March 26, 2013
The days of Cyprus as an offshore banking centre for rich Russians or Britons are well and truly over. All things considered, however, the 30 billion dollars held by them in Cypriot bank accounts is a paltry amount next to the 20 trillion dollars held by Western corporations and individuals in some 60 fiscal havens. ( The Economist)
For a while now, the G20 political leaders have been promising concerted action against these tax shelters. So far, nothing of substance happened, though such bellicose declarations make for great television .The absence of results in this area will irreparably damage the reputation of concerned politicians, highlighting their utter impotence .
Consider for a moment Apple, for instance. The US corporation holds in its treasury no less than 147 billion dollars.
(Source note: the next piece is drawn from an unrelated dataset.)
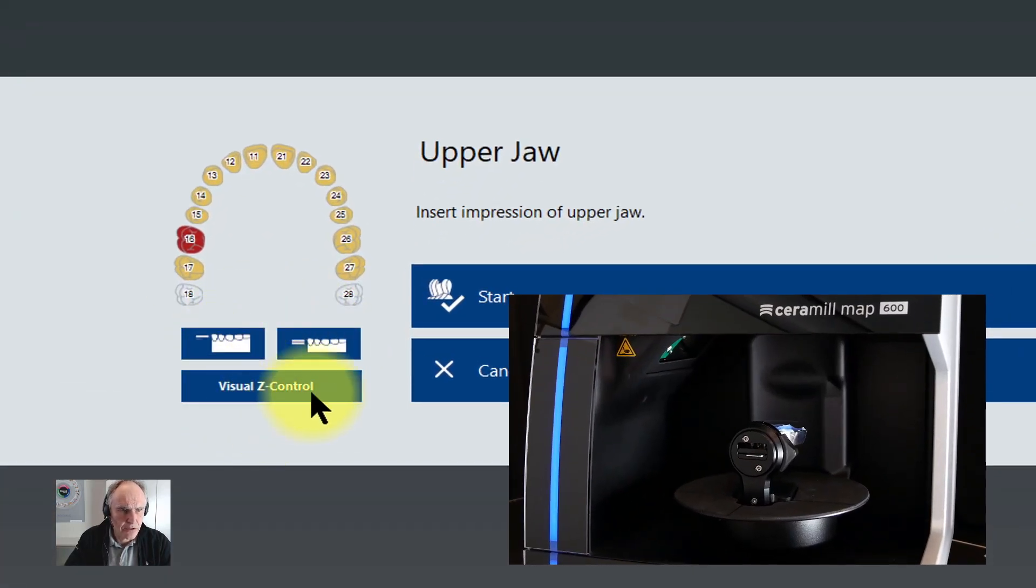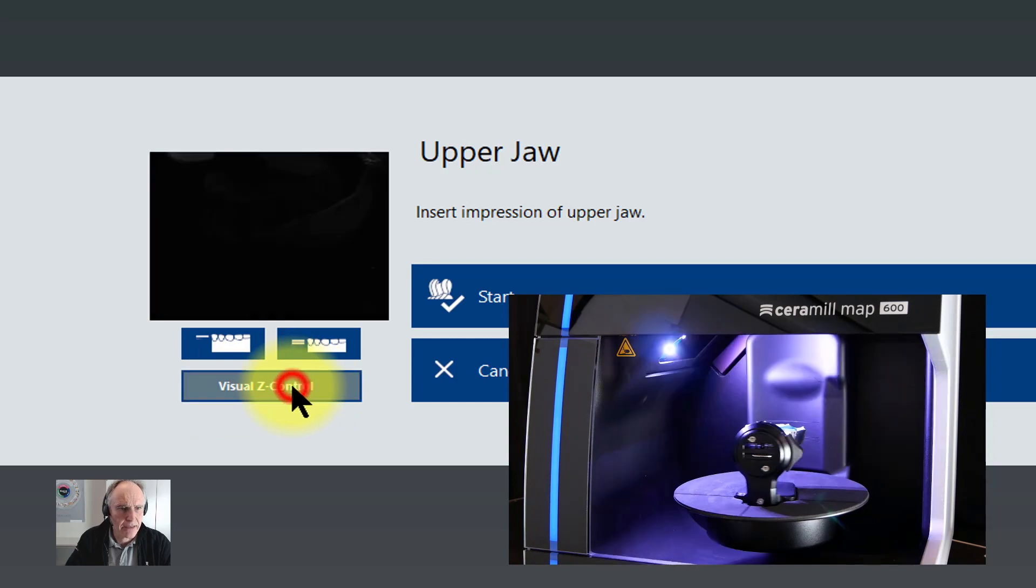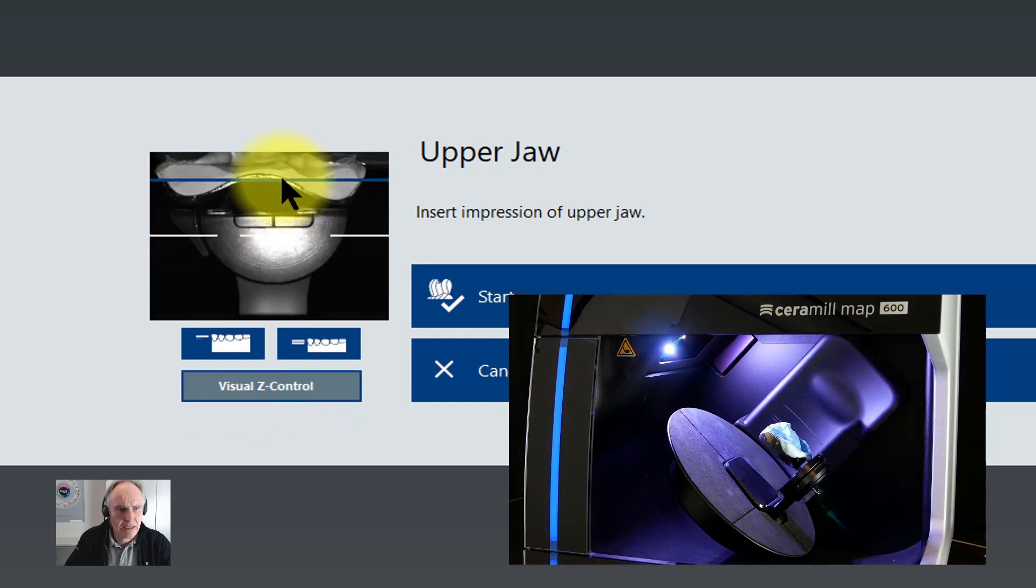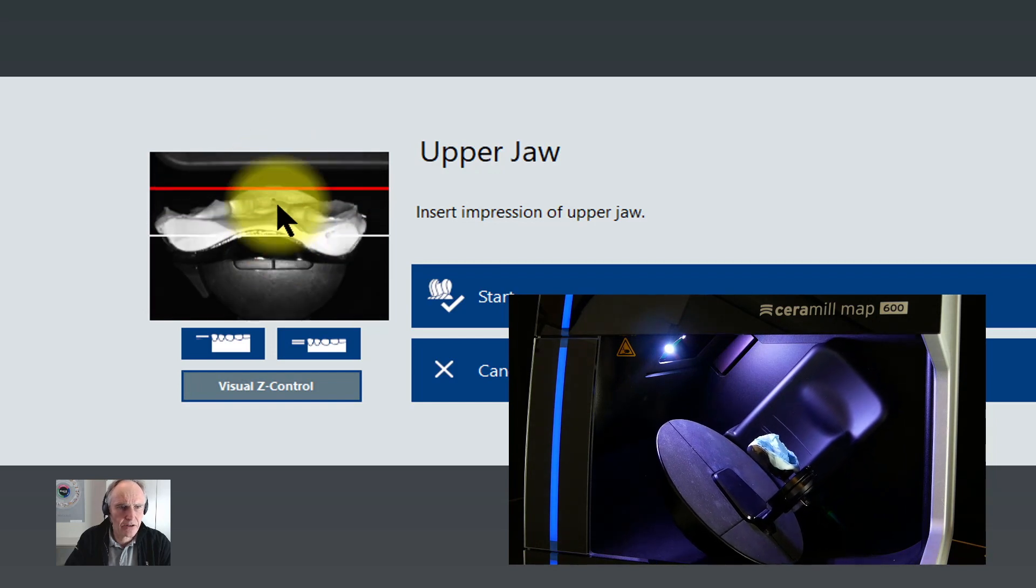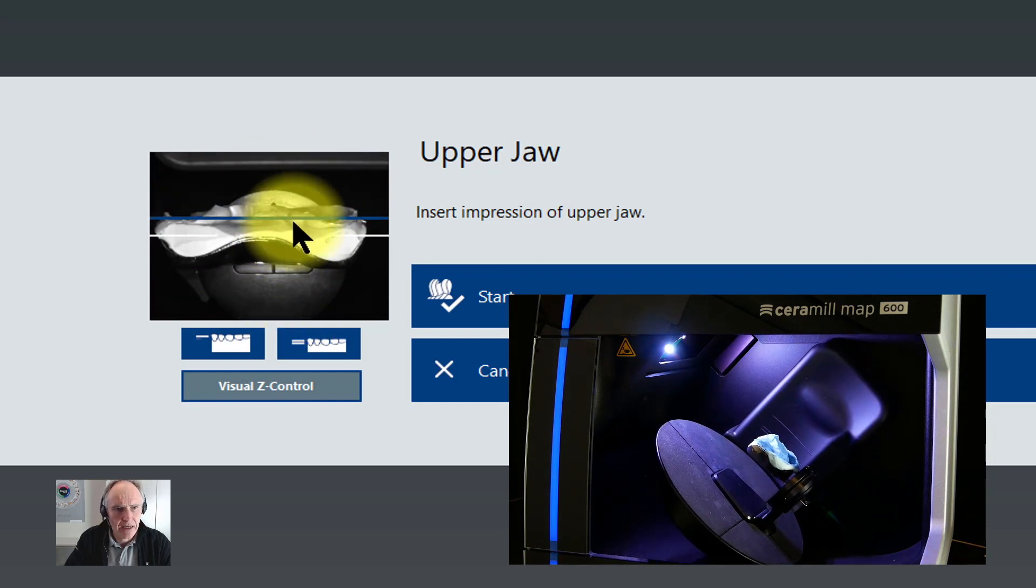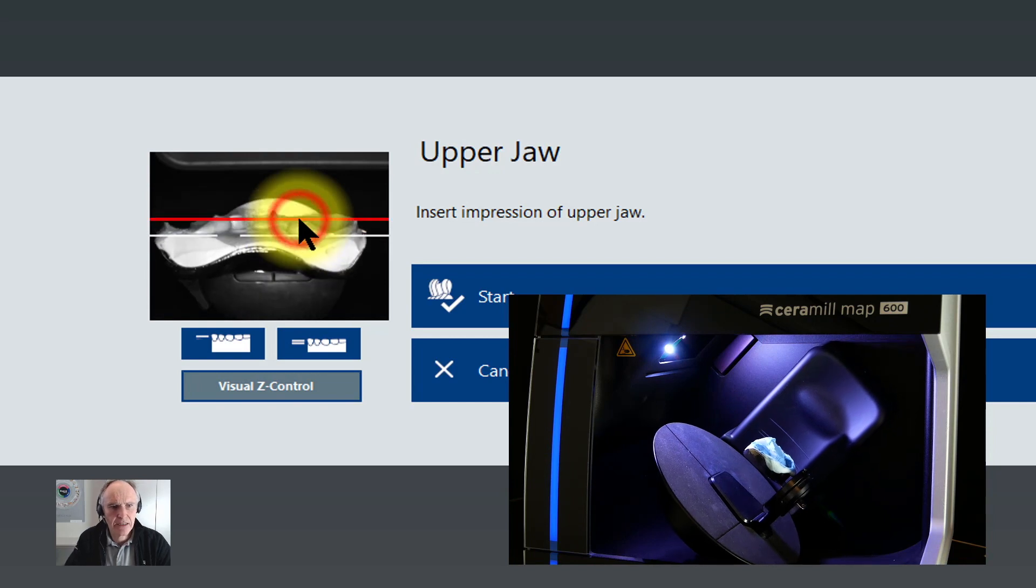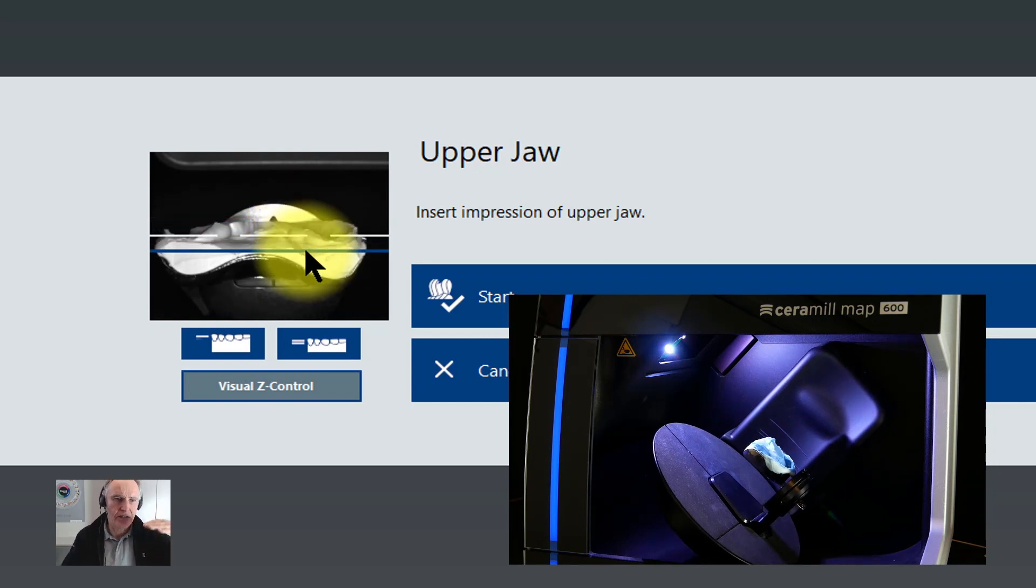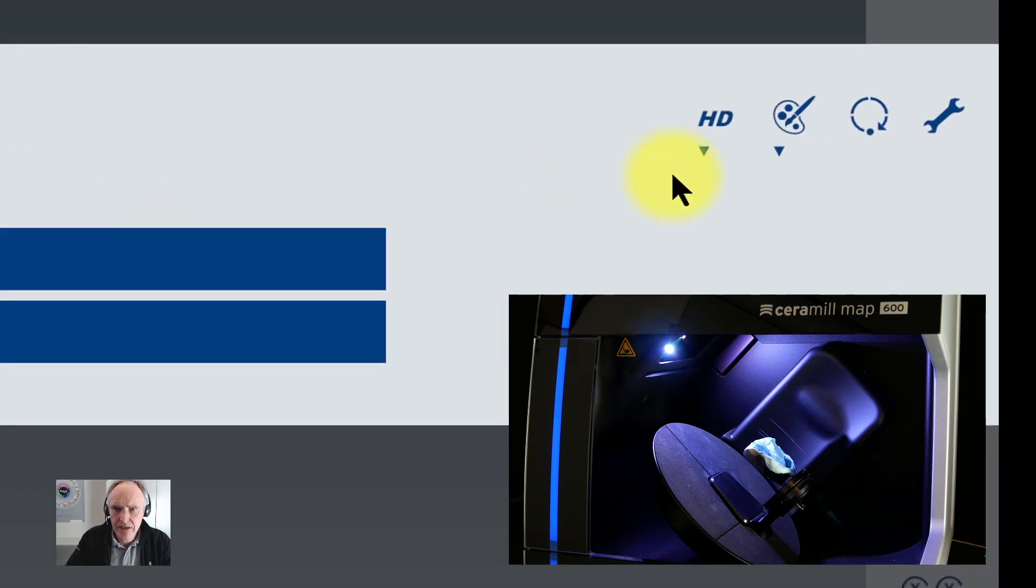Also a new feature here is the visual set control button. If you click on it you can see a live view from the camera inside the scanner. When you click and get your mouse at the position you want to scan, the lift in the set axis is automatically adjusting the height of your object.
For years, its directors refused to distribute dividends to shareholders, let alone pay normal tax rates. The iconic i-pod and i-phone manufacturer builds them cheaply in China; distributes them at premium prices in the West and stashes away the profits on an island .
Bare a few exceptions, this new breed of entrepreneurs and corporate top brass are, at best, a mixed blessing for the global economy. Sure, a large quantity of consumer goods are being produced and sold around the world. But who benefits from it all? Certainly not the workers, the host states or the consumers . If Henry Ford believed a corporation should pay decent enough wages to workers, to enable them to buy the goods being produced, no such scruples bother today’s business leaders; A large amount of corporate time and money is being devoted instead on devising ways to avoid taxes, circumvent national legislations or fight in court against fines imposed on their excesses in some parts of the world, notably in the European Union
These regressive ways of doing business are mainly responsible for the high unemployment rates in the West, a dearth of financial resources affecting governments, whether rich or poor, and low growth rates, even as enormous amounts of unspent cash sit idle in fiscal havens. Not surprisingly, many leading economists believe that this harmful form of capitalism has to end, although there is not yet a consensus as to how. Failing this, we may very well witness the implosion of the whole system as we knew it for the past few hundred years.